Exercise requirements — Please copy all of the records exactly, leaving nothing out.

Input material —
§ §
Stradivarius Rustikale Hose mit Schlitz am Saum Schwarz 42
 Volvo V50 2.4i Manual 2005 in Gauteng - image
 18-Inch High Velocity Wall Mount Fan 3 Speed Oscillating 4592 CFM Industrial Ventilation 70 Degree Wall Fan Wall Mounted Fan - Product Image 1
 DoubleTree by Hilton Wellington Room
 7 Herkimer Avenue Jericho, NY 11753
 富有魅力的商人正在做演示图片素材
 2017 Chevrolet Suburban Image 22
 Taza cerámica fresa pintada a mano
§ §
Answer to this task —
Stradivarius Rustikale Hose mit Schlitz am Saum Schwarz 42
 Volvo V50 2.4i Manual 2005 in Gauteng - image
 18-Inch High Velocity Wall Mount Fan 3 Speed Oscillating 4592 CFM Industrial Ventilation 70 Degree Wall Fan Wall Mounted Fan - Product Image 1
 DoubleTree by Hilton Wellington Room
 7 Herkimer Avenue Jericho, NY 11753
 富有魅力的商人正在做演示图片素材
 2017 Chevrolet Suburban Image 22
 Taza cerámica fresa pintada a mano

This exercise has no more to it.